Can I use s3 as a Hive storage outside the Amazon EMR environment?

I have case where I manage the service in a EC2 machine. This machine running Hive and I am planning to use s3 as my hive storage (instead of hdfs). Is it possible?

Solution

There is a detailed write up of how to do this here http://blog.mustardgrain.com/2010/09/30/using-hive-with-existing-files-on-s3/

Some choice bits:

Now, let’s change our configuration a bit so that we can access the S3 bucket with all our data. First, we need to include the following configuration. This can be done via HIVE_OPTS, configuration files ($HIVE_HOME/conf/hive-site.xml), or via Hive CLI’s SET command.
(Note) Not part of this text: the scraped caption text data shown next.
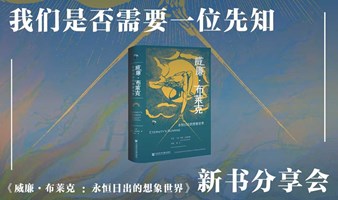 我们是否需要一位先知 ——《威廉·布莱克：永恒日出的想象世界》新书分享会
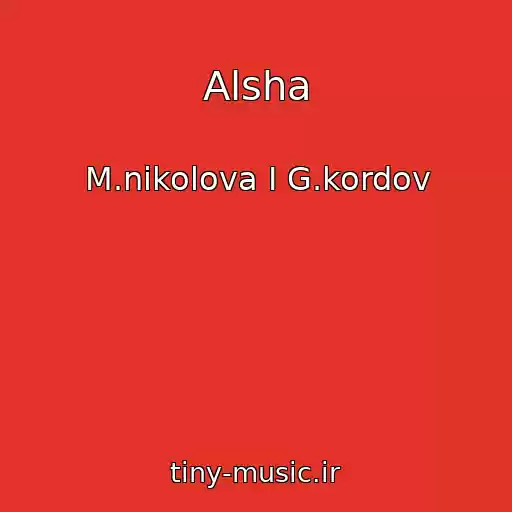 کاور آهنگ Alsha از M.nikolova I G.kordov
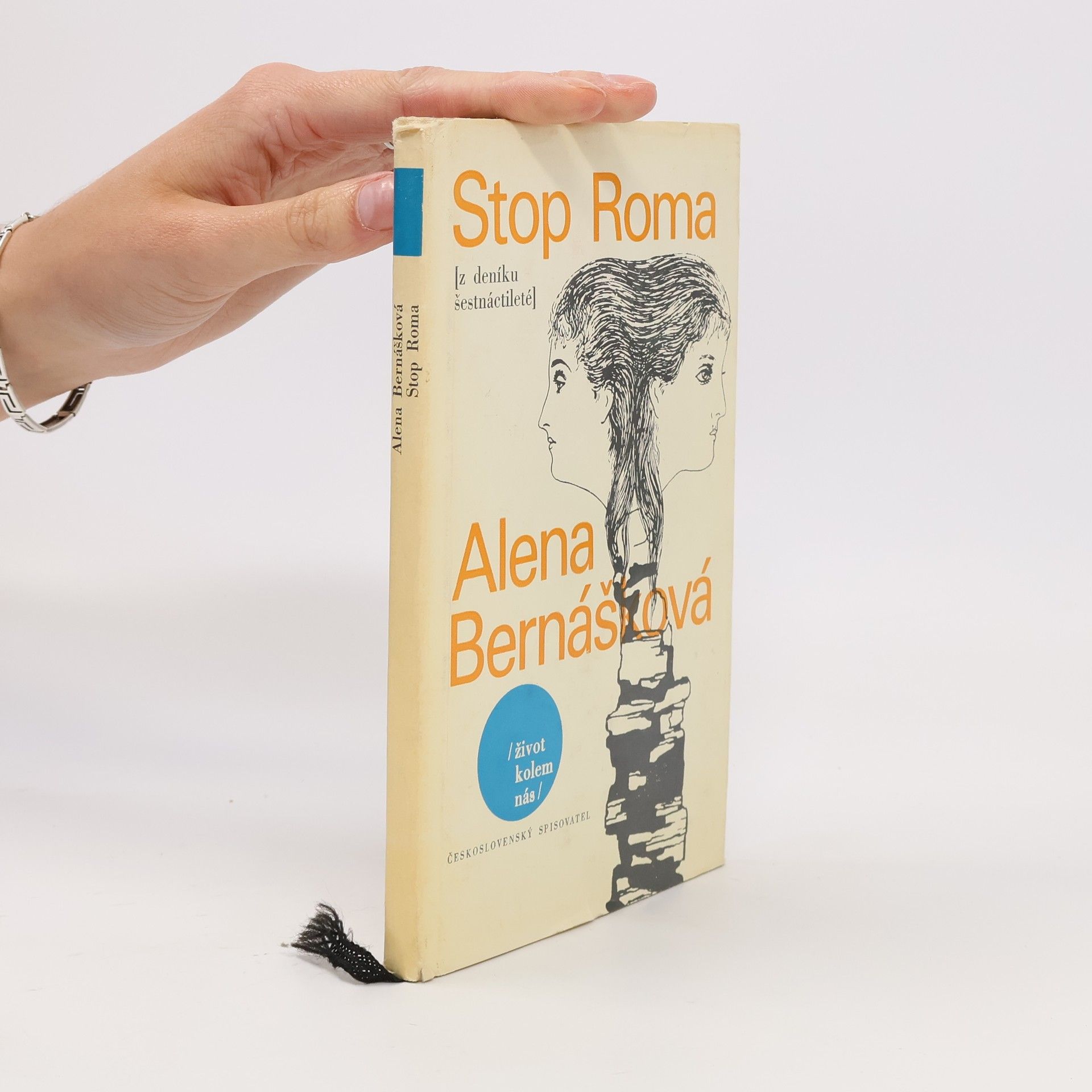 Alena Bernášková Stop Roma. Z deníku šestnáctileté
Here are the configuration parameters:

Name fs.s3n.awsAccessKeyId Value Your S3 access key

Name fs.s3n.awsSecretAccessKey Value Your S3 secret access key

And:

Whether you prefer the term veneer, façade, wrapper, or whatever, we need to tell Hive where to find our data and the format of the files. Let’s create a Hive table definition that references the data in S3:
CREATE EXTERNAL TABLE mydata (key STRING, value INT)
ROW FORMAT DELIMITED FIELDS TERMINATED BY '='
LOCATION 's3n://mys3bucket/';